The family engages in a half-hearted game of Trivial Pursuit, and the conversation and the cutting remarks fly on subjects ranging from race to economics to politics. Tempers begin to flare when Kimber’s aggressive views on education — especially for poor, urban African Americans — are challenged by Taylor. Tensions are clear as she and Taylor get into heated discussions of race and privilege. What is good about this production is that the actresses do not get drawn into the cliché of overacting — Romulus plays Taylor with passion and authority as Landis counters with a matter-of-fact style that keeps her grounded when the character could be looked upon as “just another white person” trying to assimilate into a Black family.

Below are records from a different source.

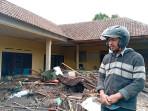 Warga-Dusun-Sumbersari-Supiturang-meratapi-rumah-dan-tempat-usahanya-terdampak-erupsi.jpg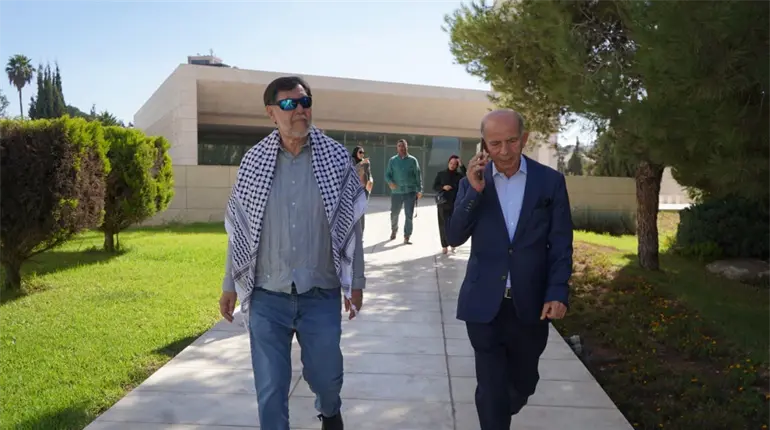 Lilly Téllez pide al Senado investigar y aclarar el viaje de Fernández Noroña a Palestina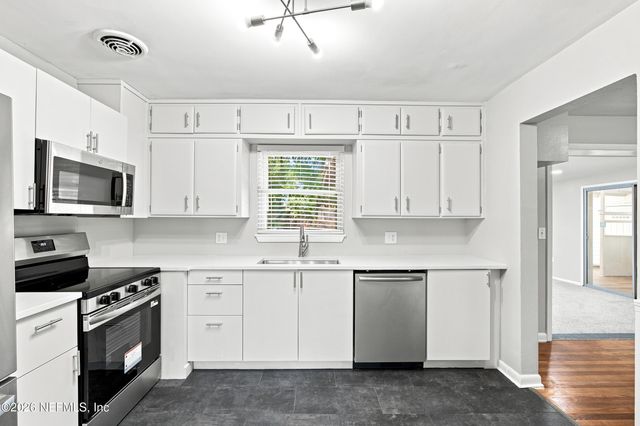 6522 BARKWOOD Drive, Jacksonville, FL 32277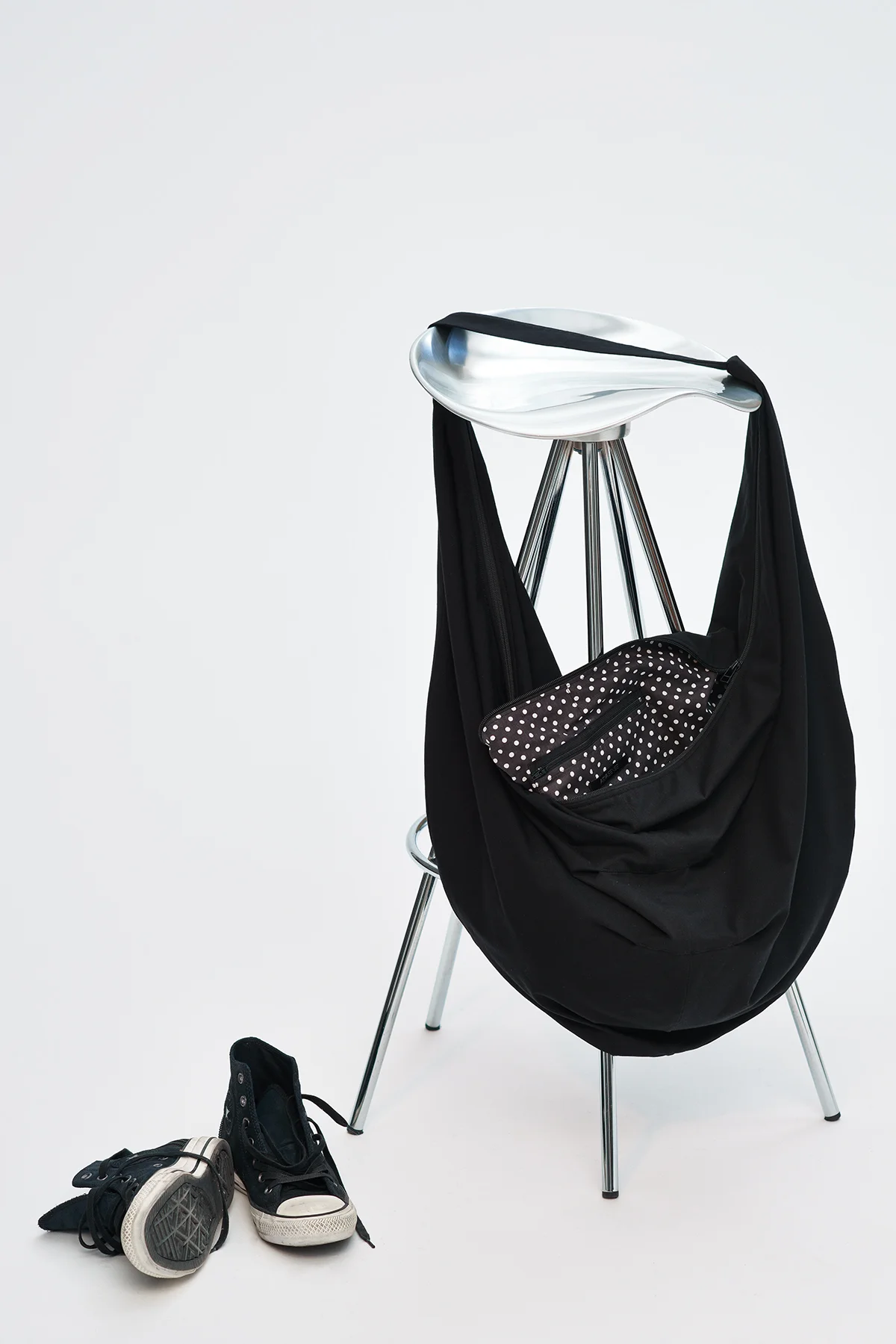 aryasense-oversized-black-yoga-bag-3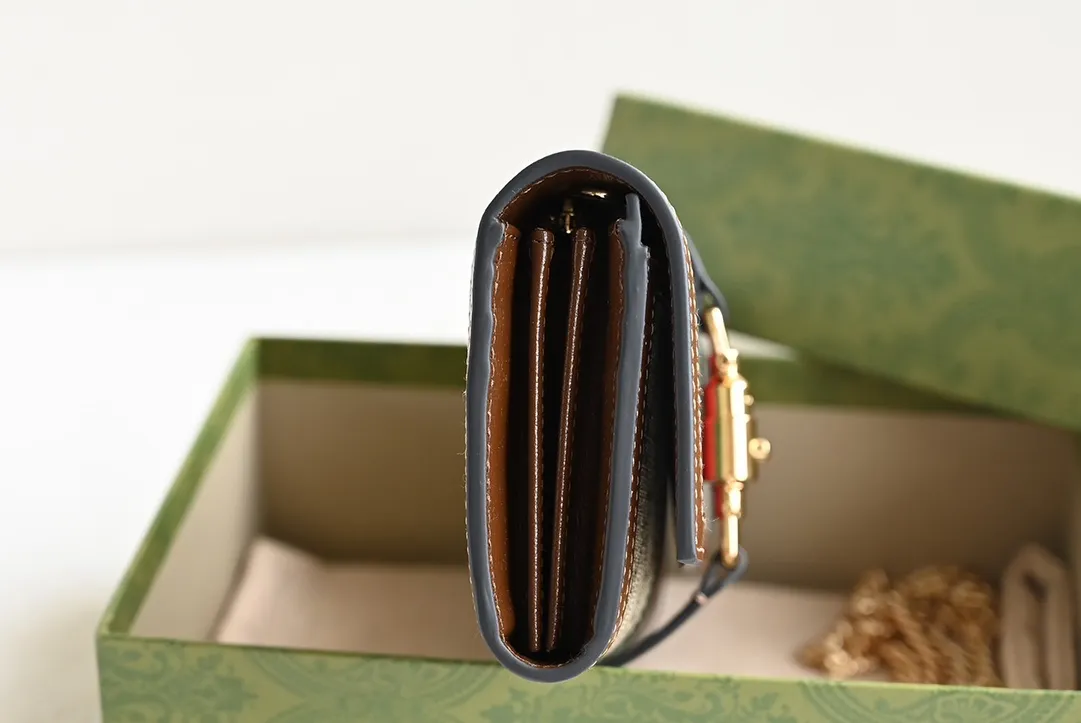 💰328包邮‼️ 😊 GG Jackie1961系列链条包 喜欢小链条包首选是 它可以当钱包，也可以当包包 能放12张卡➕完整的大钞，还可以放手机 钱包款加上链条，一个包钱得两个，划算！ 五金扣和链条，包括它的拉链头和D字扣 全部都是用全钢五金⚠️ 原厂皮➕原厂对色牛仔料 别看它小小一个，伺候着它的都是高级货❗️ Size：19&times;10&times;3.5cm #652681m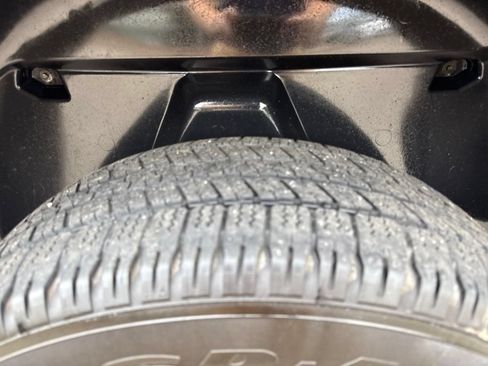Used 2021 RAM 1500 Express w/ Wheel & Sound Group AWD/4WD image 33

As “Spoon” LeVay, Mickens meets the challenge of a son trying to stand up to his father while also providing a believable “nice guy” image trying to somewhat keep the peace. Woods navigates the role of “Flip” smoothly with a hint of mischievous charm and a little bit of arrogance as the favored successful son. Roberts portrays a likable yet dubious Dr. LeVay as more about him is revealed in later moments. Finally, Pearson’s performance as Cheryl is both energetic and poignant in her portrayal of someone who grew up in the household but is also trying to find her place among a myriad of emotions and circumstances.

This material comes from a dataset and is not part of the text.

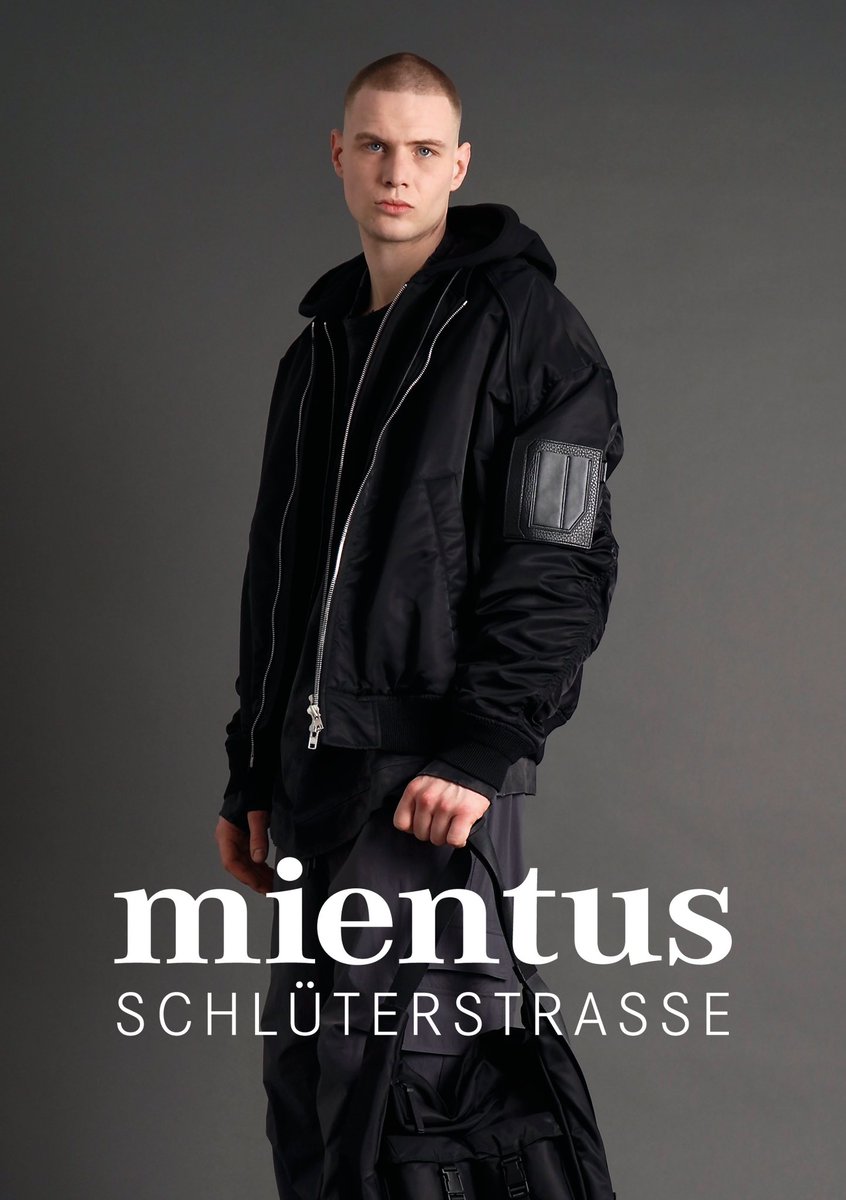 StephanMientus's tweet photo. mientus LOOKBOOK 90 featuring Aaron Frommann
#aaronfrommann https://t.co/TiZQ8WZd79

D’Angelo Rashad Woods as Harold ‘Flip’ LeVay; Holly Landis as Kimber and D’Angelo Rashad Woods as Harold ‘Flip’ LeVay; Trinitee Pearson as Cheryl, in ‘Stick Fly.’ Photos by Amanda Elena Photography.

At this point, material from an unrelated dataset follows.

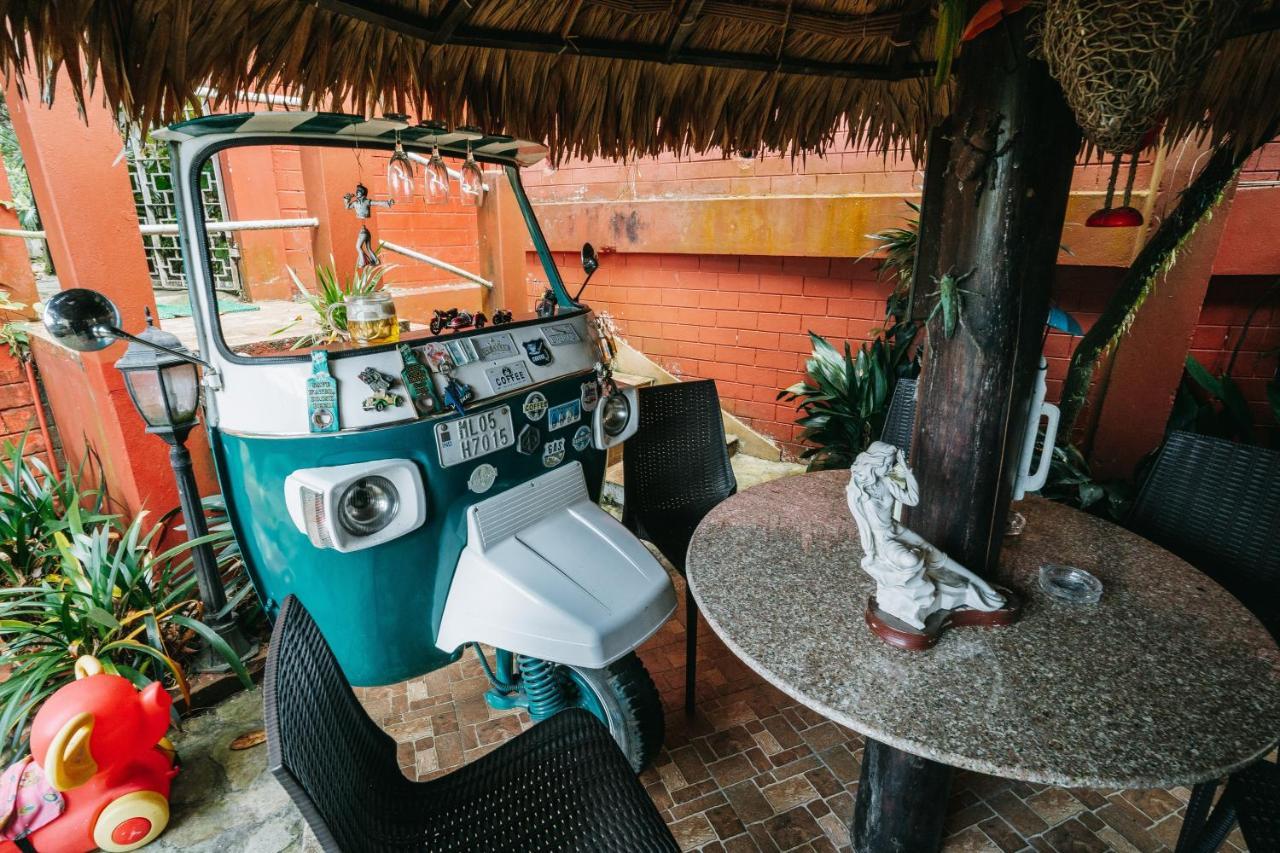 Rock Cliff Home Stay Шиллонг Экстерьер фото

The technical part of the production is seamless. There is no curtain, but Roger Ray Jr.’s set design works very comfortably as the components of a vacation house. Andrew Harasty’s lighting, Mary Jo Ford and Shelia Cephas’ set dressings, and Lani Boschulte’s sound design worked well, letting the story take the lead with the audience.

Many secrets unfold in Act I (which I won’t give away), and there are some good, unexpected comedic moments in the play. Director Chaz D. Pando successfully focused his efforts with the ensemble to create tension and identity shifts with a contemporary perspective. However, it is Taylor, an entomologist busily collecting specimens amid the turbulence, who gives us the metaphor in the title: Stick Fly lifts its title from the way entomologists study fast-flying insects by gluing them on a stick to be more closely observed. Each of the characters gets their own scrutiny under a magnifying glass as they all essentially take turns uncovering their secrets and vulnerabilities.

Running Time: Two hours and 30 minutes with one intermission.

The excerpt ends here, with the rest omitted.